The Template Method Pattern can be confused with the strategy class, Strategy pattern defines a family of algorithms and makes them interchangeable. Client code can use different algorithms since the algorithms are encapsulated. Template method defines the outline of an algorithm and lets subclasses part of the algorithm's implementation. So you can have different implementations of an algorithms steps but retain the algorithm's structure
| Template Method example | package uk.co.datadisk.Behavioral.templateMethod;
// A high-level blueprint for an algorithm to be completed by inheritors
// Algorithms remember can be decomposed into common parts + specifics
// The template method does the same as the strategy pattern but uses inheritance
// - overall algorithm makes use of abstract member
// - inheritors override the abstract members
// - parent template method invoked
// Allow us to define the skeleton of the algorithm with concrete implementation defined in subclasses
// This can be extended by any game (Base Class)
abstract class Game {
protected int currentPlayer;
protected final int numberOfPlayers;
public Game(int numberOfPlayers) {
this.numberOfPlayers = numberOfPlayers;
}
public void run(){
start();
while(!haveWinner()) {
takeTurn();
}
System.out.println("Player "+ getWinningPlayer() + " wins");
}
protected abstract int getWinningPlayer();
protected abstract void takeTurn();
protected abstract boolean haveWinner();
protected abstract void start();
}
class Chess extends Game {
private int maxTurns = 10;
private int turn = 1;
public Chess() {
super(2);
}
@Override
protected int getWinningPlayer() {
return 0;
}
@Override
protected void takeTurn() {
System.out.println("Turn " + (turn++) + " taken by player " + currentPlayer);
currentPlayer = (currentPlayer+1) % numberOfPlayers;
}
@Override
protected boolean haveWinner() {
return turn == maxTurns;
}
@Override
protected void start() {
System.out.println("Starting a game of chess");
}
}
public class Main_Template_Method_1 {
public static void main(String[] args) {
new Chess().run();
}
} |
The Visitor Pattern allows adding extra behaviors to entire hierarchies of classes, a pattern where a component (visitor) is allowed to traverse the entire inheritance hierarchy. Implemented by propagating a single visit() method throughout the entire hierarchy.

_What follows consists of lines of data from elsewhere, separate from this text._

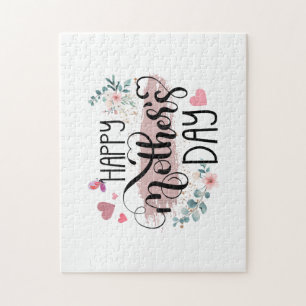 Puzzle Bonne fête des mères 2025 mignonne florale pour le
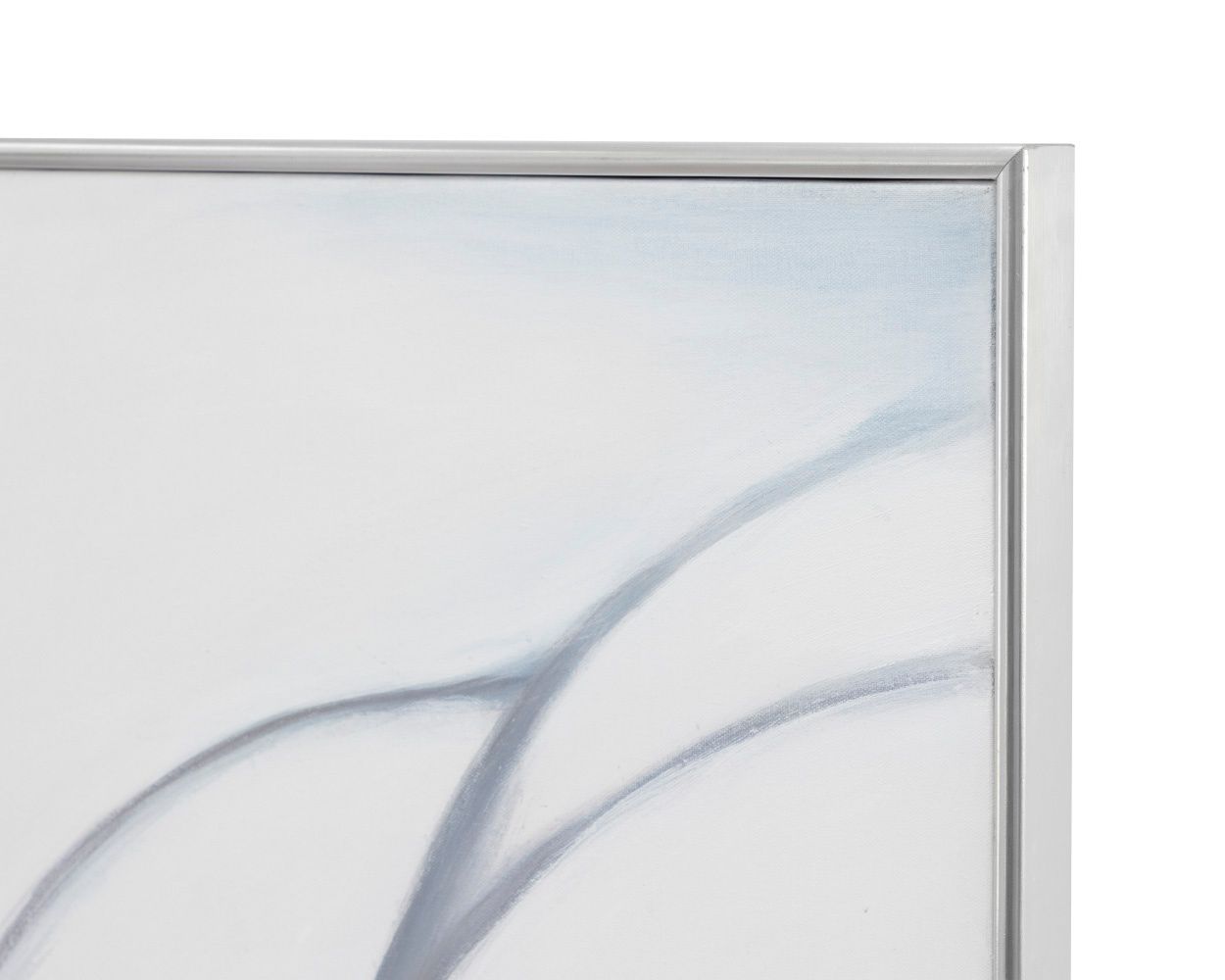 Image 6 Sunpan Meditation (Set of 3) 30" X 60" Silver Floater Frame more views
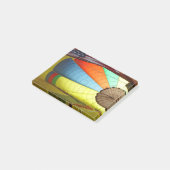 In een heteluchtballon post-it® notes (Schuin)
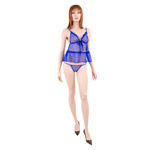 Sapphire mesh babydoll and g-string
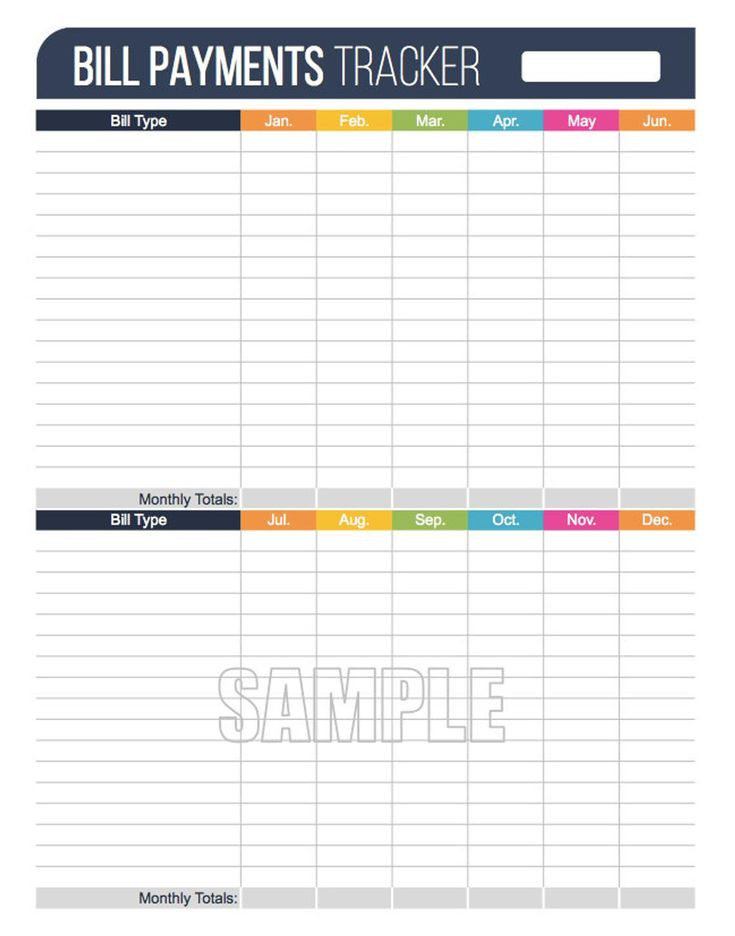 Fillable Bill Pay Worksheet - Template Calendar Design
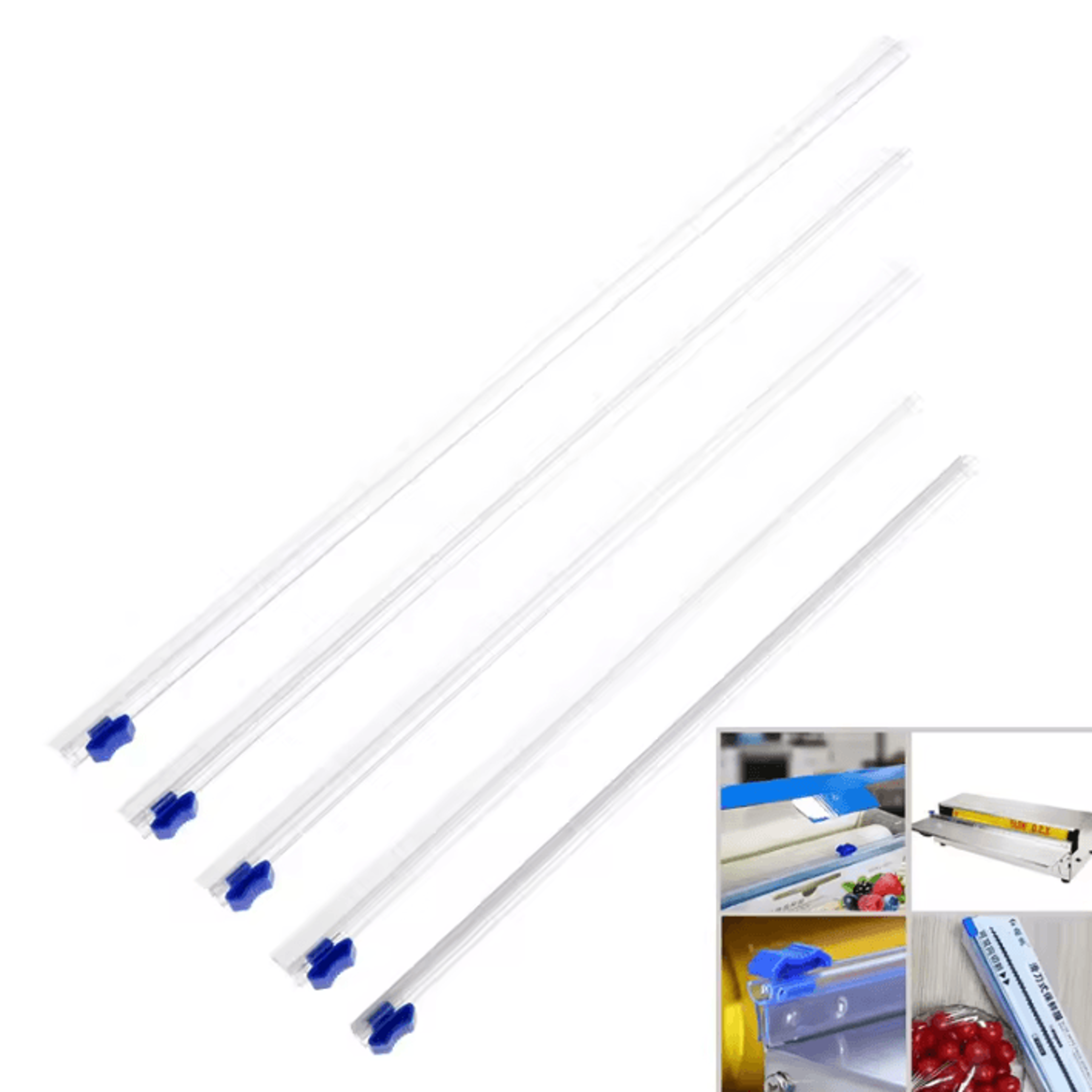 wrapease film & foil dispenser with cutter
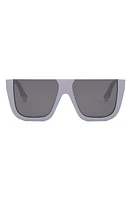 'Fendi Way Flat Top Sunglasses in Shiny Violet /Smoke at Nordstrom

| Visitor example (intrusive) | package uk.co.datadisk.Behavioral.visitor;
// Allows adding extra behaviors to entire hierarchies of classes
// A pattern where a component (visitor) is allowed to traverse
// the entire inheritance hierarchy. Implemented by propagating
// a single visit() method throughout the entire hierarchy
// Intrusive Visitor (this violates the open/close principle)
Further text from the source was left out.